Mary, mother of Jesus, has been identified as the "handmaid of the Lord".  In Luke 1: 38, when the angel Gabriel came to Mary to announce that she will bear the Son of God, Mary replies to Gabriel: "Behold, I am the handmaid of the Lord. May it be done to me according to your word."

A handmaid is a female servant in ancient times. She may have been at times a slave, or a lowly employee. In some stories of the Bible, she is the consort of the mistress's husband.

In 1985, Margaret Atwood wrote the widely read, "The Handmaid's Tale", a dark inversion of the Biblical story, in which powerful, abusive leaders subjugate women, forbidding the women to own property, to work, to manage their finances or even to read. The Handmaids become a fertility class, organized and subjugated, to repopulate the earth after world-wide infertility.

And now this Christmas season, Professor Eric Sprankle, Minn. State University,  has posted on social media that "the virgin birth story is about an all-knowing, all-powerful deity impregnating a human teen."

Besides the immense unfairness of overlaying our modern sensibilities upon an ancient story and expecting a different result, the Atwood and Sprankle interpretations are subversions bordering on blasphemy.

At the same time, I know more than a few Christians who are amused by these misguided interpretations.

At Mary's meeting with Gabriel, she famously says, "Behold, I am the handmaid of the Lord. May it be done to me according to your word."

Mary also says, "For nothing shall be impossible with God." -[Luke 1:37]. In accepting with joy her assignation as Mother of Jesus, Mary recognizes the Infinite Possibility of God. This is not a grim "sentence", it is the possibility of redemption and healing in the corrupt world of Rome.

After Mary gives birth to Jesus in the stable, Wise Men from the East visit to pay homage. Luke 2: 18 says, "After they had seen the child, they spread the message they had received about Him. But Mary treasured up all these things in her heart."  Mary knew the special, even Divine qualities of her experiences. And she marveled over them.

Not only did Mary consent, she was honored, she marveled at this event, she was in awe.
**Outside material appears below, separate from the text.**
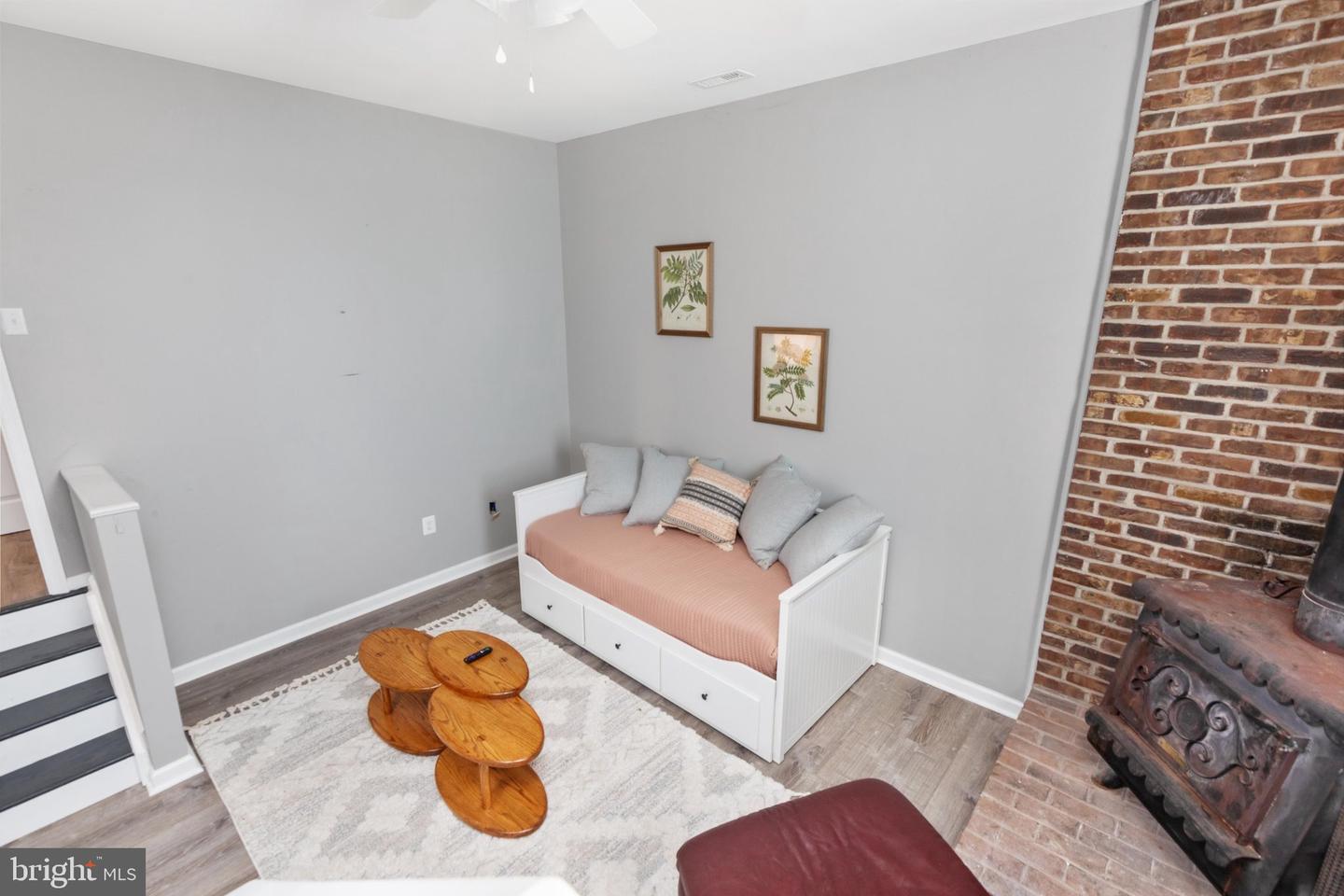 129 Property Photo 80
Many who are not Catholic forget to keep reading their Bible until they stumble upon the Magnificat, also known as the hymn of praise of the Virgin Mary.
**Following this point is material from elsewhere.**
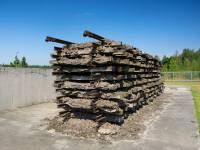 Muzeum i Miejsce Pamięci w Bełżcu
In Luke 1: 46-55, Mary sings glory to God: "My soul magnifies the Lord"- i.e., Mary's soul is a Light to reflect and amplify the glory of God.
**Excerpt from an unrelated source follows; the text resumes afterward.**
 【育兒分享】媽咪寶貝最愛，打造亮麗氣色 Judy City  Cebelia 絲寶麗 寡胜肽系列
"And my spirit rejoices in God my Savior; Because He has regarded [held in utmost esteem] the lowliness of the handmaid; for behold, henceforth all generations shall call me blessed."  Mary is no victim here, she has willingly accepted the honor bestowed upon her by God. All generations shall call Mary blessed, because God has esteemed the "lowliness of His handmaid." God has stooped low to make Mary great.

"And His mercy is from generation to generation on those who fear Him. He has shown might with His arm, He has scattered the proud conceit of the heart. He has put down the mighty from their thrones, and exalted the lowly. He has filled the hungry with good things, and the rich He has sent away empty."

Mary is no subjugated and abject victim here. She is a heroine, who is lifted up from lowly status, to become the Mother of Love, and the Mother of a worldwide, eternal movement to topple corrupt power and to elevate the lowly. Through Mary, God has "scattered the proud in [their conceit], and has put down the mighty from their thrones. . . the rich he has sent away empty."
The rich, already being filled with their own conceit, have no room for God. They have already possessed more than enough bounty in this Life, and so they do not thrive in the Next.

Mary is the epitome of, "The humble shall be exalted."

Mary is no passive subject, but an active catalyst for spiritual and social change.  To say she is nothing more than a victim of Divine violence is a total mischaracterization and misreading of the very words on the page.

Archbishop Fulton J. Sheen said, "Mary is like a magnifying glass that intensifies our love of her Son."  If we all could emanate only half of her Light, we would live in a vastly brighter world.